Jon: Yes. There's a lot that rhymes with the "itz" in Leibowitz. But if it hadn't been that, it would've been something else.
Oprah: I was called Okra.
Jon: Did you tell them, "I'm going to have an Angel Network"? Did you say, "I'm going to have a Wildest Dreams bus one day, and you're going to need a house—and I'm not gonna flippin' give it to you"?
Oprah: No, my big thing was that I never heard my name called on Romper Room. So you said earlier that you were fired a lot. Wasn't it hard to keep your self-esteem?
Jon: That wasn't a problem, because I didn't have any. I was good at what I cared about—like playing sports and drinking—but unfortunately, there wasn't a big market for those things.
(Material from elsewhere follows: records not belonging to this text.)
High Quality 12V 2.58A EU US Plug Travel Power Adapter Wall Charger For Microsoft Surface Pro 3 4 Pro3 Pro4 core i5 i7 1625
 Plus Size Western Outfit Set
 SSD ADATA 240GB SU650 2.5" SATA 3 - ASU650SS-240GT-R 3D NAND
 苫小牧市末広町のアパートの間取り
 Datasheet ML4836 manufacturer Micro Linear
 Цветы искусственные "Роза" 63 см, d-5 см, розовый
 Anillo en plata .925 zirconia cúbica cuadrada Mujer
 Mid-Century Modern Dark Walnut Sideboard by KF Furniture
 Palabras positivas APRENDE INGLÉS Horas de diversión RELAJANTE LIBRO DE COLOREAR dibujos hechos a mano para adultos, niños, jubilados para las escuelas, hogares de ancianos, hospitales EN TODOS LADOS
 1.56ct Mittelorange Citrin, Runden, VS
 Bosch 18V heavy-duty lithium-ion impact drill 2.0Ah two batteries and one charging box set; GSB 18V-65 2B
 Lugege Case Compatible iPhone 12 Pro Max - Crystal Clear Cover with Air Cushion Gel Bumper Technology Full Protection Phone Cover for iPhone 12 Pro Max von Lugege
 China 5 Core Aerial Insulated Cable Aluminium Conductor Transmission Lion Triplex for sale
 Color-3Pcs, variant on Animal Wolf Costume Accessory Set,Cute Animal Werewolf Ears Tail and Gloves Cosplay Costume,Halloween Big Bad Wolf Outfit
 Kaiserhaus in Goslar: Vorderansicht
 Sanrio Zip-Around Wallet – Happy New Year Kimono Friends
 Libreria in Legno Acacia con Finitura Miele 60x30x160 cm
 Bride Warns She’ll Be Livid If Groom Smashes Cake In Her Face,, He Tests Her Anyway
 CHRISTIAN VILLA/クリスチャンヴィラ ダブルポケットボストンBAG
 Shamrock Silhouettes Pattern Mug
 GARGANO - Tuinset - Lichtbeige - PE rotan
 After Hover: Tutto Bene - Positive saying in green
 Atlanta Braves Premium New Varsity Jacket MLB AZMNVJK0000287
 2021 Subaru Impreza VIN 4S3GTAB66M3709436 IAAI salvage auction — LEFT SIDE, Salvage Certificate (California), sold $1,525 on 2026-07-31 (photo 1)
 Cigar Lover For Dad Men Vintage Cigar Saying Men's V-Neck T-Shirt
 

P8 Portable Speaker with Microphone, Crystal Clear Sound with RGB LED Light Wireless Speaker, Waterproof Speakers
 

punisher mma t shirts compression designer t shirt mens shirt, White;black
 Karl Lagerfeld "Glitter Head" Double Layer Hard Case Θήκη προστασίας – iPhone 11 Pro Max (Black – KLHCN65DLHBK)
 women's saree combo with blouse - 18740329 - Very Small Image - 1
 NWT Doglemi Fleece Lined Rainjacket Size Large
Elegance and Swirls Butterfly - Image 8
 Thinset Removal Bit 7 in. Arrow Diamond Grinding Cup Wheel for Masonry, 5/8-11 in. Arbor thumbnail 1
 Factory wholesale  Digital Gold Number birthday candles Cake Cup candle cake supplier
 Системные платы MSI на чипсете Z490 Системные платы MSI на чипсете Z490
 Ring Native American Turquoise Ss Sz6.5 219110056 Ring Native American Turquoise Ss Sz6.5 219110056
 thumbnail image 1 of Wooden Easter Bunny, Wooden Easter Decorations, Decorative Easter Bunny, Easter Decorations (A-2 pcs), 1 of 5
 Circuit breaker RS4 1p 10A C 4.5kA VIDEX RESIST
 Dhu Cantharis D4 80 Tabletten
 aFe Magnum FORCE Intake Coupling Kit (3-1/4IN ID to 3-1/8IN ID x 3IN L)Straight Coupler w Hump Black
Oprah: In 1993 you were a finalist to replace Letterman on NBC. Weren't you disappointed when you didn't get it?
Jon: Oh, yes. The Letterman job was big. But, you know, this is a business of rejection. I remember my first night onstage was at the Bitter End at 1 in the morning on a Monday. I was heckled almost immediately. On your first day of work at McDonald's, there's at least someone behind you who knows how to work the register. At some point, you can say, "Could you come over here, please? This guy just ordered a McFlurry, and I don't know what the hell that is." In stand-up, there's just you. You have no idea whether what you say will work. I was always funny in a back-of-the-room way. I can make my friends laugh. But the people at the Bitter End weren't my friends. They were drunk—and they thought I was going to be good.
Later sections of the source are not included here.